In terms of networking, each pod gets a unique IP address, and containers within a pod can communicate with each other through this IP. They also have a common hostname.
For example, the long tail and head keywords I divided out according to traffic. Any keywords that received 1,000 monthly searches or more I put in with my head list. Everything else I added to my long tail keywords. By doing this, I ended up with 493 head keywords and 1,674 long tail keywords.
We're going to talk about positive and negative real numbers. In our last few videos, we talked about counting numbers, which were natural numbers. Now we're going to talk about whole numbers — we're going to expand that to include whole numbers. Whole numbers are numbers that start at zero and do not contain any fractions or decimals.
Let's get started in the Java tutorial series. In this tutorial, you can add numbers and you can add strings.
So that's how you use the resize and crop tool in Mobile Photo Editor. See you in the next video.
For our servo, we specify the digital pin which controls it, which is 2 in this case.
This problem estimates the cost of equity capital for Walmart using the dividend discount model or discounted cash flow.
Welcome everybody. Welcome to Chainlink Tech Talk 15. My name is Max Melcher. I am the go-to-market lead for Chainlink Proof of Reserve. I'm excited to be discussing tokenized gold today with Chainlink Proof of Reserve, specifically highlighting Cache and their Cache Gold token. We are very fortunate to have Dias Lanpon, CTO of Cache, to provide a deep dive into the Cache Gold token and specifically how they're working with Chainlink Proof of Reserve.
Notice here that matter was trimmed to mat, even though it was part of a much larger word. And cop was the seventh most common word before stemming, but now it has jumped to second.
...
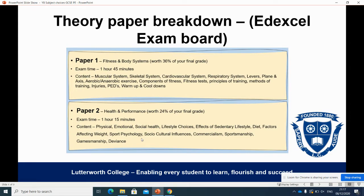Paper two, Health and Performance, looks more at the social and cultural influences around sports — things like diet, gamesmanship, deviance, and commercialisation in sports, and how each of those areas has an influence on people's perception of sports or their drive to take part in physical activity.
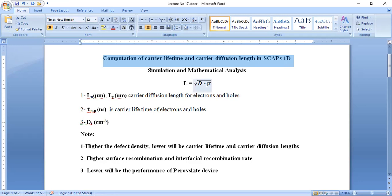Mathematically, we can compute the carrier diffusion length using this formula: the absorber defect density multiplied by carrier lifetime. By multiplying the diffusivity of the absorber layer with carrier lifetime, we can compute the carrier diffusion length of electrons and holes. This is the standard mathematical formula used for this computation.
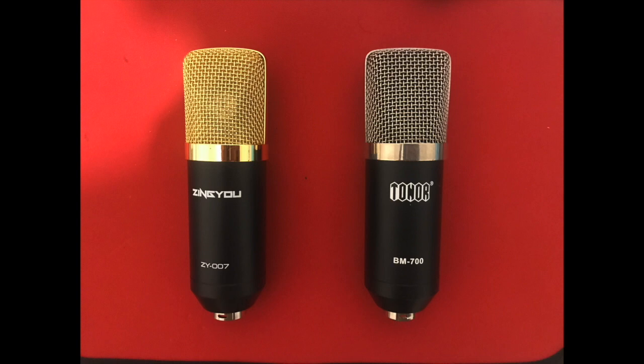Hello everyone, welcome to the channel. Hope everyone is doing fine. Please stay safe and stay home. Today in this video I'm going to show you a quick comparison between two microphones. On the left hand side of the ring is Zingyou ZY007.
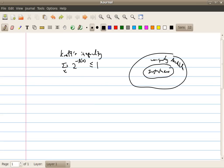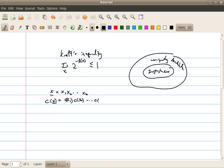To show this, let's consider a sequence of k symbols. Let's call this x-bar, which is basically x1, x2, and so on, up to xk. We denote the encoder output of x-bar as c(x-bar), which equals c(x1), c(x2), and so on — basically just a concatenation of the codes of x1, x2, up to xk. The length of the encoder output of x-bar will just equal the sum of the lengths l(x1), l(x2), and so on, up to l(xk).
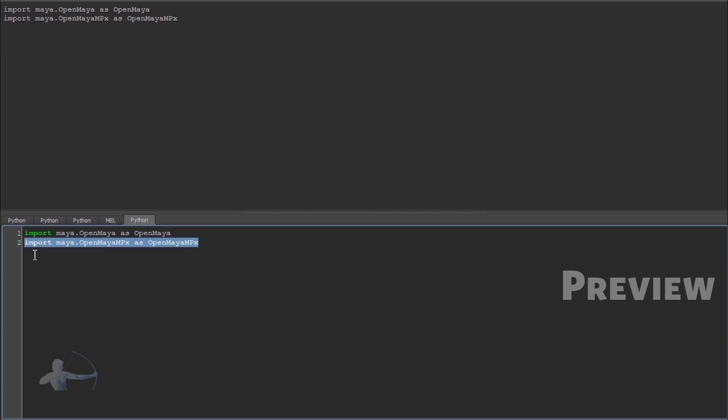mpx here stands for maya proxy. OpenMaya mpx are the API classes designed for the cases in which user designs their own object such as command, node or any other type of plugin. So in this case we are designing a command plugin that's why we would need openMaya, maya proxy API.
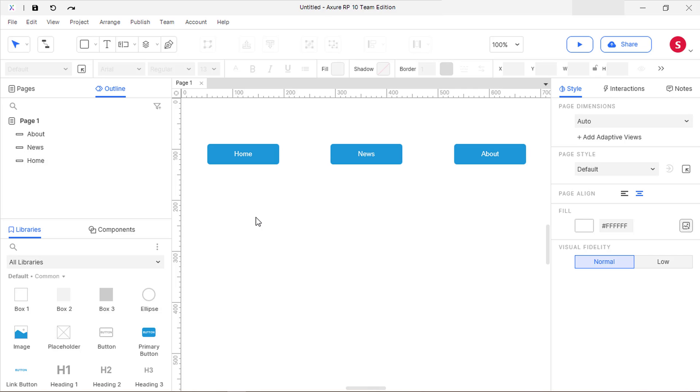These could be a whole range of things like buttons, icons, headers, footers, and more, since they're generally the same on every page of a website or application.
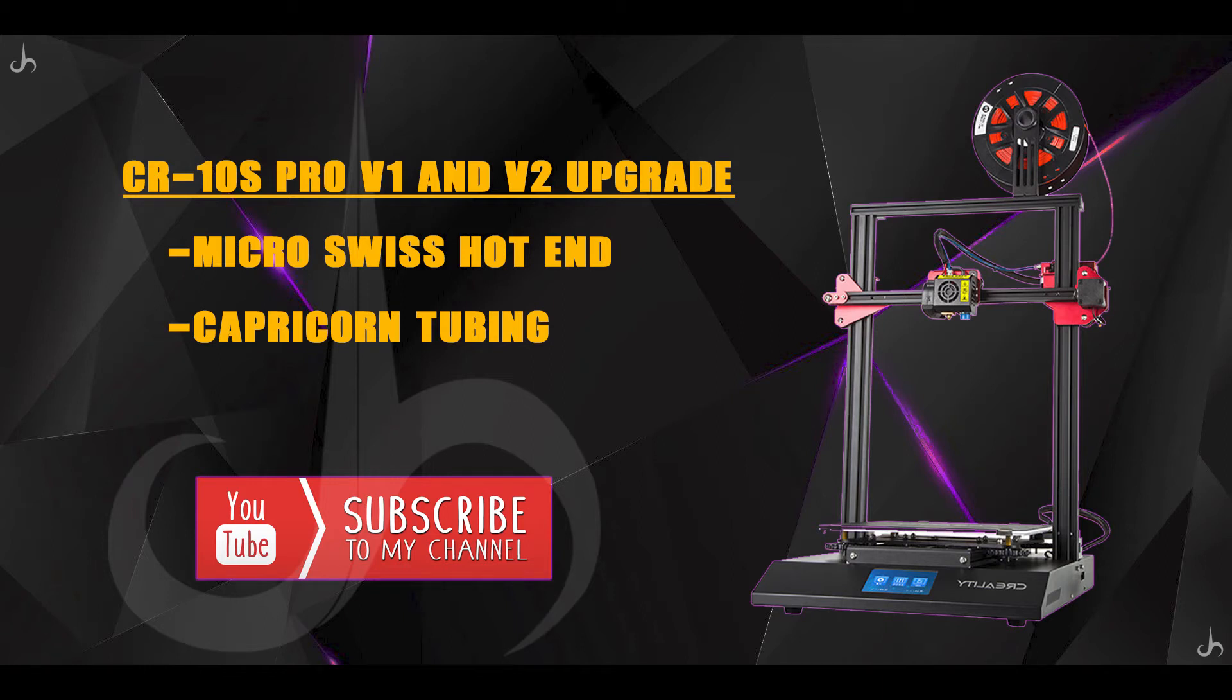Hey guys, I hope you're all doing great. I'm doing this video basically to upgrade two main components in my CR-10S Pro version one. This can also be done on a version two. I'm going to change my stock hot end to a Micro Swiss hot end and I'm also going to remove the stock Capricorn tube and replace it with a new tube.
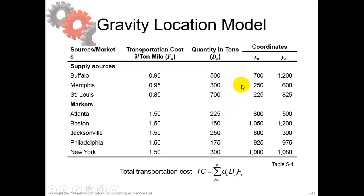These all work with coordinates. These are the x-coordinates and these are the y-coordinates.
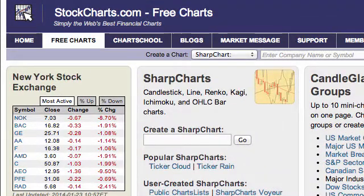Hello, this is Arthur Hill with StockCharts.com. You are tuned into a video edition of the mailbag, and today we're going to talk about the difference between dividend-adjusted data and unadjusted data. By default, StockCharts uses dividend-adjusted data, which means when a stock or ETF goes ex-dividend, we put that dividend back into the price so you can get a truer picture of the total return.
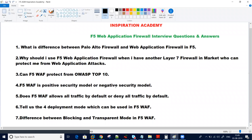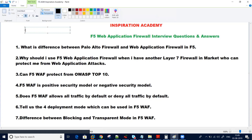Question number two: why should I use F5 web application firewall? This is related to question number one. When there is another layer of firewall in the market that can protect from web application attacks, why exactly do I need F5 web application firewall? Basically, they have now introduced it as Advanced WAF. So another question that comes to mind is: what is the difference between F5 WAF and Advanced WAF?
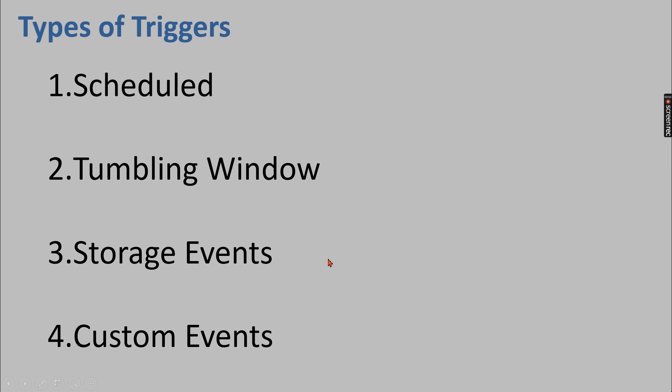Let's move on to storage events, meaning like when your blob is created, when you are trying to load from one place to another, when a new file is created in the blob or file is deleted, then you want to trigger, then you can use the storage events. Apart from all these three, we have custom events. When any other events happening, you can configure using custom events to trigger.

[WHAT TO DO]
Reproduce, word for word and in full, only the lines above that start at the line with "In terms of" and run through the line with "For example, the", both ends included.

[EXPECTED ANSWER]
In terms of networking, each pod gets a unique IP address, and containers within a pod can communicate with each other through this IP. They also have a common hostname.
For example, the long tail and head keywords I divided out according to traffic. Any keywords that received 1,000 monthly searches or more I put in with my head list. Everything else I added to my long tail keywords. By doing this, I ended up with 493 head keywords and 1,674 long tail keywords.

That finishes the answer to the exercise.